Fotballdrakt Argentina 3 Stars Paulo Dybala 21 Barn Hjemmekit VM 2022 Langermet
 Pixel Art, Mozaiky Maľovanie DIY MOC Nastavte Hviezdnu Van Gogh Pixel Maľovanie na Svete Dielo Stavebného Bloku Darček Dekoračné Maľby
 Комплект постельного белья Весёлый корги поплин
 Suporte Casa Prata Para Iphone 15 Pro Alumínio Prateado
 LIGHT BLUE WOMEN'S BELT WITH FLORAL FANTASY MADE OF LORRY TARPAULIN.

TASK DESCRIPTION ▸
Lines before the one containing "Suporte Casa Prata" stay out; reproduce that line and all the lines after it, through the end of the listing, exactly.

WRITTEN REPLY ▸
 Suporte Casa Prata Para Iphone 15 Pro Alumínio Prateado
 LIGHT BLUE WOMEN'S BELT WITH FLORAL FANTASY MADE OF LORRY TARPAULIN.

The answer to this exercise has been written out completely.